━━ DATA TO USE

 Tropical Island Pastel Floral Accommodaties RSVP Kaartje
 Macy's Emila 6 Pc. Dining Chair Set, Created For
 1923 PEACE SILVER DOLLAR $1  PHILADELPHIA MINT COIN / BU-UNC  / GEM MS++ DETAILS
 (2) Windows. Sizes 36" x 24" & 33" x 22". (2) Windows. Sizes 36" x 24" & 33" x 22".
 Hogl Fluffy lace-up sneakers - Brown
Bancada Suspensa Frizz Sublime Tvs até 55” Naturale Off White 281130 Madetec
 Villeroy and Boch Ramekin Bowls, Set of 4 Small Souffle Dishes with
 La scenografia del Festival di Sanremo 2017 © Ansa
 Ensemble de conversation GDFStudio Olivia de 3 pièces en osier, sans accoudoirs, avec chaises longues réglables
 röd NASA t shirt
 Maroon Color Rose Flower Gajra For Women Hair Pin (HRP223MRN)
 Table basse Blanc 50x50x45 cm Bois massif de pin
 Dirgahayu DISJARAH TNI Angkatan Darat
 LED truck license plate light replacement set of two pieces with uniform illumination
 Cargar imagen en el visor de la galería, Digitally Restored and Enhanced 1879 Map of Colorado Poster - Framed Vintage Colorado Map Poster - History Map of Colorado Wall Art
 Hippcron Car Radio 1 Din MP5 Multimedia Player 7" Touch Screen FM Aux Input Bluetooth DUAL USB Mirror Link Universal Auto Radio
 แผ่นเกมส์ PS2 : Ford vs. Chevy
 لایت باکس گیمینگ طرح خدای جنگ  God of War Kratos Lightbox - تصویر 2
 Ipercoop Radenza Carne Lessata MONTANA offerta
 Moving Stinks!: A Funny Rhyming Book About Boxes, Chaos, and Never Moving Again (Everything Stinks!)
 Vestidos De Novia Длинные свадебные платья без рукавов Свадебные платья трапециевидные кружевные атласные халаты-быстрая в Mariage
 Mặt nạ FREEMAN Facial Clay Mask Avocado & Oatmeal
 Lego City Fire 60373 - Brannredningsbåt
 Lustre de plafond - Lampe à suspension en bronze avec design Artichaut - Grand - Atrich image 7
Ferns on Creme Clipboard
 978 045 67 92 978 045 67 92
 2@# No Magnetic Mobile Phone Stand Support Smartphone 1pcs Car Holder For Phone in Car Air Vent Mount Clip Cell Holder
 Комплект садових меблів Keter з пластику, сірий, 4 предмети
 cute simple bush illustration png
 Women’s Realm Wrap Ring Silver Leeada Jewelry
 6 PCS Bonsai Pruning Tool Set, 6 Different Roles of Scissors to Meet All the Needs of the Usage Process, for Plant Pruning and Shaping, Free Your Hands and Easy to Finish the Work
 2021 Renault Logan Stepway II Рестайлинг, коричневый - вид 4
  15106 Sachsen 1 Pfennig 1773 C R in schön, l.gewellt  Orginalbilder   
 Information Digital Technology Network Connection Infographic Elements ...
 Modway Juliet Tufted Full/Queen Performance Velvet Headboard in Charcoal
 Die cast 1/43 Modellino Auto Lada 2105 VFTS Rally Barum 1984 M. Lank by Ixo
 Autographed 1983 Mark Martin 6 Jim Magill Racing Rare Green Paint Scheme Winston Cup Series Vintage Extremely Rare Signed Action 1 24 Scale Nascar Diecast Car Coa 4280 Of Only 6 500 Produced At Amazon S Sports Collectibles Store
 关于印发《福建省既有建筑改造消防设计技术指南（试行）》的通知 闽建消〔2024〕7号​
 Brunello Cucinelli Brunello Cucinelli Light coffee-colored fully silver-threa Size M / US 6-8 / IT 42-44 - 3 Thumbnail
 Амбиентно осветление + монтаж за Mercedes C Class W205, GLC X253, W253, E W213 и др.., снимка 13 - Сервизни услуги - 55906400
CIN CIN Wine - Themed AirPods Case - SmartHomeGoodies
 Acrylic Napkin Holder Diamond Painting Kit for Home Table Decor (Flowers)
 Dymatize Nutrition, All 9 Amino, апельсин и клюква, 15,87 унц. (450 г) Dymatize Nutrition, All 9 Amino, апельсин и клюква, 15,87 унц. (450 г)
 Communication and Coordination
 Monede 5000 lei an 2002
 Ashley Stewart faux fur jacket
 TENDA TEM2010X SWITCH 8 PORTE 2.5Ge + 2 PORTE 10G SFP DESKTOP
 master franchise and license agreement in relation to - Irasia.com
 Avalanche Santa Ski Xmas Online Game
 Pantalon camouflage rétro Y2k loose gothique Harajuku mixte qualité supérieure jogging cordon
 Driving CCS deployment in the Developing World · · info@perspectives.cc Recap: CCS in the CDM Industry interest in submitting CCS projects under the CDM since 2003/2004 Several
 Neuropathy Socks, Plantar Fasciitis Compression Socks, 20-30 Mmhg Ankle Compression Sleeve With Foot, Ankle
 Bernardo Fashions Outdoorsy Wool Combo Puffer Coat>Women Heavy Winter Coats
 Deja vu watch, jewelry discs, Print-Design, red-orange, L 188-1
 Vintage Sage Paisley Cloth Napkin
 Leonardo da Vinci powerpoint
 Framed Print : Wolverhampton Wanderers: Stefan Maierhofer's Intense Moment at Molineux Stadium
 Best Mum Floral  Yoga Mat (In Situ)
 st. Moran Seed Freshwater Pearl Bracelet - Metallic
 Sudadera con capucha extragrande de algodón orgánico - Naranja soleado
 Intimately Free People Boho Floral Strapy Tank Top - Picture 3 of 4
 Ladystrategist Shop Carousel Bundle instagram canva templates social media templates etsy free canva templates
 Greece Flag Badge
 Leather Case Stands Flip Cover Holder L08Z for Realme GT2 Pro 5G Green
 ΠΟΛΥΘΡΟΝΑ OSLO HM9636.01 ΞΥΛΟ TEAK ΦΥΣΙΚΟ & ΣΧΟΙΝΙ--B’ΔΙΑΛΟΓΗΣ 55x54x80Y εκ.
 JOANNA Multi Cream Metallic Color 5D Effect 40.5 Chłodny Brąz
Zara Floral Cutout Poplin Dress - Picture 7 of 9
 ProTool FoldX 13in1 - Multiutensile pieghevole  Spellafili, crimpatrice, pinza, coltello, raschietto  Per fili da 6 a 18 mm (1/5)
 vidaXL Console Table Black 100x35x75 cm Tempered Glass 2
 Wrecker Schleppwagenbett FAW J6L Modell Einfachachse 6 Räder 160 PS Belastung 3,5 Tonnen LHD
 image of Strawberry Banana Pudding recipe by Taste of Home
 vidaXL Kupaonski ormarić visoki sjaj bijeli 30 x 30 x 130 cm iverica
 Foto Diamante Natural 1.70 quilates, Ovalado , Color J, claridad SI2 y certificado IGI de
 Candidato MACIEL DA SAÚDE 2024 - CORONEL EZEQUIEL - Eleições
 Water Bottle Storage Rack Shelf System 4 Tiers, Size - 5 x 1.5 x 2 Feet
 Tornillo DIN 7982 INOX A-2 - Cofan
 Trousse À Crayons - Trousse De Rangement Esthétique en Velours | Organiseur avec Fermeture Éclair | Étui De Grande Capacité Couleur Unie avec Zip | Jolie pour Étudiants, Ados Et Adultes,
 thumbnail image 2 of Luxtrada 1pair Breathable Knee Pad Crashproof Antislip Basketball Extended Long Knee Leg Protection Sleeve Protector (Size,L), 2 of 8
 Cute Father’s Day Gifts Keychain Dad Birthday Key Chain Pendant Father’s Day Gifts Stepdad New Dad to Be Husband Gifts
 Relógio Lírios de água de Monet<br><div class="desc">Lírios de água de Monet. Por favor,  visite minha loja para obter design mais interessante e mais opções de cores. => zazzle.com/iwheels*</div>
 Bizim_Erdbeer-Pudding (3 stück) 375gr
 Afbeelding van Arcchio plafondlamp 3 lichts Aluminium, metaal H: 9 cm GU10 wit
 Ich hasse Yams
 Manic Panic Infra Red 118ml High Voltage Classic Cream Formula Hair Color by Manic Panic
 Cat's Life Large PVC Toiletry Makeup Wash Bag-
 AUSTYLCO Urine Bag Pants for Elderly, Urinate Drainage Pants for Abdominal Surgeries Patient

━━━━

YOUR OBJECTIVE:
In your answer, include only the lines above starting at the line that holds "Lustre de plafond" and ending at the line that holds "15106 Sachsen 1", copied exactly.

COMPLETED TASK:
 Lustre de plafond - Lampe à suspension en bronze avec design Artichaut - Grand - Atrich image 7
Ferns on Creme Clipboard
 978 045 67 92 978 045 67 92
 2@# No Magnetic Mobile Phone Stand Support Smartphone 1pcs Car Holder For Phone in Car Air Vent Mount Clip Cell Holder
 Комплект садових меблів Keter з пластику, сірий, 4 предмети
 cute simple bush illustration png
 Women’s Realm Wrap Ring Silver Leeada Jewelry
 6 PCS Bonsai Pruning Tool Set, 6 Different Roles of Scissors to Meet All the Needs of the Usage Process, for Plant Pruning and Shaping, Free Your Hands and Easy to Finish the Work
 2021 Renault Logan Stepway II Рестайлинг, коричневый - вид 4
  15106 Sachsen 1 Pfennig 1773 C R in schön, l.gewellt  Orginalbilder   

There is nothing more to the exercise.